----- Data records

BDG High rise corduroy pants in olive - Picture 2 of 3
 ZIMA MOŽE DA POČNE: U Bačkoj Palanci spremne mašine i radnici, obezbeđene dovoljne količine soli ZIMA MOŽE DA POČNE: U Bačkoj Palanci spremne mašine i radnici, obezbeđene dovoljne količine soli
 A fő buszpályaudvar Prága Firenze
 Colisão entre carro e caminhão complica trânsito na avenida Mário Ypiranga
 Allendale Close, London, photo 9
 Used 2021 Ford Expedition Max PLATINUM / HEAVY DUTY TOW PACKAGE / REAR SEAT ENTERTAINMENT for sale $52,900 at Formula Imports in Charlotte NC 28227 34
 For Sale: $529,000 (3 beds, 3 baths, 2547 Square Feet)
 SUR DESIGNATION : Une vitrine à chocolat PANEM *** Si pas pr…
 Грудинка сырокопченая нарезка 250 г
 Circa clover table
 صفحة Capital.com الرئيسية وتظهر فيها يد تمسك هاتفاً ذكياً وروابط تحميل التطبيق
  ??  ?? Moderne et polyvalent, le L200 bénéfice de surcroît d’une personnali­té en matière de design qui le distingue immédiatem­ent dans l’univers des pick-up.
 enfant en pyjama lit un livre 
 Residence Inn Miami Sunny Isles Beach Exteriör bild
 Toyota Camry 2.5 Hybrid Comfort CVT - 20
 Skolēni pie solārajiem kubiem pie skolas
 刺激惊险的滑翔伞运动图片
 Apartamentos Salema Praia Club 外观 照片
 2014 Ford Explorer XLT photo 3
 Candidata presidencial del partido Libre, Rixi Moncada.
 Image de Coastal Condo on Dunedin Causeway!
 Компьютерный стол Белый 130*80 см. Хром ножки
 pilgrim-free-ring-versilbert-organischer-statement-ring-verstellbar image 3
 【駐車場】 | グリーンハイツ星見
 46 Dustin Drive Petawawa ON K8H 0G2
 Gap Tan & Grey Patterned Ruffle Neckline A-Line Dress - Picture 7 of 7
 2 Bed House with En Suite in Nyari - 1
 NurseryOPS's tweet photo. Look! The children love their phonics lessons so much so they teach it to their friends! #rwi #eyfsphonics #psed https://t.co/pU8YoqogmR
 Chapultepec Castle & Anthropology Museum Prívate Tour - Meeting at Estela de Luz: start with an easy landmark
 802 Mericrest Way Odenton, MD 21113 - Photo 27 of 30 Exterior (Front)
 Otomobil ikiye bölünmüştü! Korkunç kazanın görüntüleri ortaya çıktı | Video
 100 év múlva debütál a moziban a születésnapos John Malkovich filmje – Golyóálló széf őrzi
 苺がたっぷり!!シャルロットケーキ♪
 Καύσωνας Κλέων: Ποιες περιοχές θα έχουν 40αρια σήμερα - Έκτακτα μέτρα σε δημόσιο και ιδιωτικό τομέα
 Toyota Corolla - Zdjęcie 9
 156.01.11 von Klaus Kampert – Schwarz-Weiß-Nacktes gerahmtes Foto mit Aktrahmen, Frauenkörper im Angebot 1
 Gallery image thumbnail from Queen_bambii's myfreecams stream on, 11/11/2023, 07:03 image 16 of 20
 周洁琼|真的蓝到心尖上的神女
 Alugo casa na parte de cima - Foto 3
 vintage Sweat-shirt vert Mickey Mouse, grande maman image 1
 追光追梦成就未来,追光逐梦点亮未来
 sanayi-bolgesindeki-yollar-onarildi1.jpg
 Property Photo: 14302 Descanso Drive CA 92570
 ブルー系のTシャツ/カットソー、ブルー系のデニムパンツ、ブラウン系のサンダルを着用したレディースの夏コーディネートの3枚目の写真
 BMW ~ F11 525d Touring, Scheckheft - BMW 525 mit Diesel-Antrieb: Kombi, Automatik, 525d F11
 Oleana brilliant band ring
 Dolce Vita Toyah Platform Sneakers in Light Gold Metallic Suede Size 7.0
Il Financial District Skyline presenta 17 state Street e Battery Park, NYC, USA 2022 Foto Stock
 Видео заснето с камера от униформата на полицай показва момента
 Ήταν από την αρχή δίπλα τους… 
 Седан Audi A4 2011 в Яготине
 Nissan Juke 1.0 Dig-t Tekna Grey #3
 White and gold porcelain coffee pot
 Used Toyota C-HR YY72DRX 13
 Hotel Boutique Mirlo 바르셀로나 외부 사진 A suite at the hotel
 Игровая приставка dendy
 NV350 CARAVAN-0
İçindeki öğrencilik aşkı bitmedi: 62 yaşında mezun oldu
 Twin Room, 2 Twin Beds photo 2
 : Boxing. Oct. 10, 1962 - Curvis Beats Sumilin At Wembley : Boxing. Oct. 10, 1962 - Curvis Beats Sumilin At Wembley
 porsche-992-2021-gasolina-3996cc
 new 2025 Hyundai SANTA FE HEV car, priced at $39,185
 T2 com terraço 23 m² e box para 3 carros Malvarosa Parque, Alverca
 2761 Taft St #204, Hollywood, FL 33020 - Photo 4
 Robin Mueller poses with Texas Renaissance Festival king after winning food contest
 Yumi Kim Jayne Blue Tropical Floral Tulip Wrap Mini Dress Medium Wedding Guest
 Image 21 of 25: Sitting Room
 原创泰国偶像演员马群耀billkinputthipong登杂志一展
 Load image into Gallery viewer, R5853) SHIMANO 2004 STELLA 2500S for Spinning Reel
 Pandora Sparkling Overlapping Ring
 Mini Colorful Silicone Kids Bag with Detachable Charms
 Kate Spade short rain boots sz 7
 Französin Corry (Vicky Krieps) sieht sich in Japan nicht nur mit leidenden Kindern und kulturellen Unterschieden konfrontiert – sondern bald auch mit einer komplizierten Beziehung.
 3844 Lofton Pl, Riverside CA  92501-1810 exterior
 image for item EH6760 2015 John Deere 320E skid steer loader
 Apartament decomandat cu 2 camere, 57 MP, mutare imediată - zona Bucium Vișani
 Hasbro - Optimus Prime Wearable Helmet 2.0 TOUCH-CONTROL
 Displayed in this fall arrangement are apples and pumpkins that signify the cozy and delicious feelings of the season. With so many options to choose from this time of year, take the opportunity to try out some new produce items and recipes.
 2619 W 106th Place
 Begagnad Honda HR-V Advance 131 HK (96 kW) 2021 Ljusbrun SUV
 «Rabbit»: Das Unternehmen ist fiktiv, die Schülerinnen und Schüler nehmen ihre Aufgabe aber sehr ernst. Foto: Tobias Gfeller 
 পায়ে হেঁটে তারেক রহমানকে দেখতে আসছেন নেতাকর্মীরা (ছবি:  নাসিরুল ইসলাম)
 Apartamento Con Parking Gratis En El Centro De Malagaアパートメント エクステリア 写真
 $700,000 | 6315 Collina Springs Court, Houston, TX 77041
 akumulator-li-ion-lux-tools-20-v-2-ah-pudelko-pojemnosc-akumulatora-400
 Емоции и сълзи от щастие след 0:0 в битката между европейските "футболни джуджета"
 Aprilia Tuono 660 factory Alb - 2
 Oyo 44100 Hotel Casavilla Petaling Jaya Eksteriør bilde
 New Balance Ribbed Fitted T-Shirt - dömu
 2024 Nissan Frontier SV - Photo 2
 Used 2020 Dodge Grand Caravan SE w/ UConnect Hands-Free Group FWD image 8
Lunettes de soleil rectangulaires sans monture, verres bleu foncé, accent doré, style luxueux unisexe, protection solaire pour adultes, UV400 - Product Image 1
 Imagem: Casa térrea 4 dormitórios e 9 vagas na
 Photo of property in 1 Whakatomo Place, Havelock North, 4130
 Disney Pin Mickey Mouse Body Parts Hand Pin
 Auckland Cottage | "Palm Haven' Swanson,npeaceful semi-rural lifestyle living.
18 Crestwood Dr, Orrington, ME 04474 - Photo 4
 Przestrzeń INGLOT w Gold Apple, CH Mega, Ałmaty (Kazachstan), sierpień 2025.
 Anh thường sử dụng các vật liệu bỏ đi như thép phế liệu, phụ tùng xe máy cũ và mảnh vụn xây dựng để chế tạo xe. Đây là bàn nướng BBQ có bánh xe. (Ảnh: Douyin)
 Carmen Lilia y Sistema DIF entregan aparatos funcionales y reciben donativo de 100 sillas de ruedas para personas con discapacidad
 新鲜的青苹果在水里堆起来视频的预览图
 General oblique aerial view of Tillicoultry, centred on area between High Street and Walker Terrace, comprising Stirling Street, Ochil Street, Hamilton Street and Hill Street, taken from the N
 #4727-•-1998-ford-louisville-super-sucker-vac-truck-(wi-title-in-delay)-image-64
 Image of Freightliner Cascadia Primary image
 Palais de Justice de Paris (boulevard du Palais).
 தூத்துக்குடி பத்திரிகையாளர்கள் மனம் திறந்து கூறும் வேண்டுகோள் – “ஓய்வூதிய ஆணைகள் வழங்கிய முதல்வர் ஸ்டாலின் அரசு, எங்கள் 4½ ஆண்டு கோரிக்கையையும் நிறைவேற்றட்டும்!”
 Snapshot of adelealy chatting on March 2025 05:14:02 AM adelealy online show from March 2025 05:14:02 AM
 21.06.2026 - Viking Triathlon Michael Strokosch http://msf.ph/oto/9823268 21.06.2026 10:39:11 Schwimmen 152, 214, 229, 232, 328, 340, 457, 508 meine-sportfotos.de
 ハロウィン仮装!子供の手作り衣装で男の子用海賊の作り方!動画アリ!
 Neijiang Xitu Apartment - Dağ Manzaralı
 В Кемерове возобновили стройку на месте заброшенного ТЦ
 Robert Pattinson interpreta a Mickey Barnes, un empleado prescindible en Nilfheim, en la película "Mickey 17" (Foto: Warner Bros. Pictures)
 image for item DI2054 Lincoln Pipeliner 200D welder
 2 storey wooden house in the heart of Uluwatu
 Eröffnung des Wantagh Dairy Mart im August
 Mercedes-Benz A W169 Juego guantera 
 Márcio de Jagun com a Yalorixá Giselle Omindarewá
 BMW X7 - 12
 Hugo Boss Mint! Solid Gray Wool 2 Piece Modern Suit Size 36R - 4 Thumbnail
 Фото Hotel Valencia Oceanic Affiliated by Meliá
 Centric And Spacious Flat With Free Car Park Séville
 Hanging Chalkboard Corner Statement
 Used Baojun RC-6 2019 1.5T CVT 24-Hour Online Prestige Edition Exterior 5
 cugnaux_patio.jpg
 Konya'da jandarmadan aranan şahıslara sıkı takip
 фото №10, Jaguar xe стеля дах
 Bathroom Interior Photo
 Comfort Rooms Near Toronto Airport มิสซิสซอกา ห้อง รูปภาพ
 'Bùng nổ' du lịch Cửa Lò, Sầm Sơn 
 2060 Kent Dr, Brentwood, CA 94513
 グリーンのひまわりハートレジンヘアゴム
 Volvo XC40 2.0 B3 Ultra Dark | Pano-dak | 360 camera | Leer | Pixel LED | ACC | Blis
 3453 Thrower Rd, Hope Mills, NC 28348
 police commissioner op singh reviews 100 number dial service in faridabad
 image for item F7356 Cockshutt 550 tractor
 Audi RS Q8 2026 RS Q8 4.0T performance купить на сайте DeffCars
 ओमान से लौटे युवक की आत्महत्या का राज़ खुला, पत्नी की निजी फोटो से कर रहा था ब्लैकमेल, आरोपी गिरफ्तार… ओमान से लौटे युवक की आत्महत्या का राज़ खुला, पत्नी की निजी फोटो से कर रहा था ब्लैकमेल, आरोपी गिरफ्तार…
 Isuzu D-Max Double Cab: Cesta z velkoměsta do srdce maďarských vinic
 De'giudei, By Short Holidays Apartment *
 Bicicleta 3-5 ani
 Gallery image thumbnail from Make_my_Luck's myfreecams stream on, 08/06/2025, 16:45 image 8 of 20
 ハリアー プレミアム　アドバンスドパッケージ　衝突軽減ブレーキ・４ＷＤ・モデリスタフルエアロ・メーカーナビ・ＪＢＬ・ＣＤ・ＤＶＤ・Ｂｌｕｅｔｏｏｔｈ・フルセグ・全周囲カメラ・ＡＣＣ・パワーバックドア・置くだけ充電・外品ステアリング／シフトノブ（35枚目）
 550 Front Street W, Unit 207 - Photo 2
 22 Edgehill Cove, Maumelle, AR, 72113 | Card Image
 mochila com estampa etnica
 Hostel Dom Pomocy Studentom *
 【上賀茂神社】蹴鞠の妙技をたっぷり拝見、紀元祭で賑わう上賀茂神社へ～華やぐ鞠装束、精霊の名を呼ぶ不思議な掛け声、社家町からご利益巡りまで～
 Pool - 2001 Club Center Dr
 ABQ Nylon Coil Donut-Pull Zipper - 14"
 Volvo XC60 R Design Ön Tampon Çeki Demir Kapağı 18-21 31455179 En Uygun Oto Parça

----------

Above are some lines. Repeat exactly, and only, those from the line that has "Carmen Lilia y" through the line that has "Palais de Justice".

 Carmen Lilia y Sistema DIF entregan aparatos funcionales y reciben donativo de 100 sillas de ruedas para personas con discapacidad
 新鲜的青苹果在水里堆起来视频的预览图
 General oblique aerial view of Tillicoultry, centred on area between High Street and Walker Terrace, comprising Stirling Street, Ochil Street, Hamilton Street and Hill Street, taken from the N
 #4727-•-1998-ford-louisville-super-sucker-vac-truck-(wi-title-in-delay)-image-64
 Image of Freightliner Cascadia Primary image
 Palais de Justice de Paris (boulevard du Palais).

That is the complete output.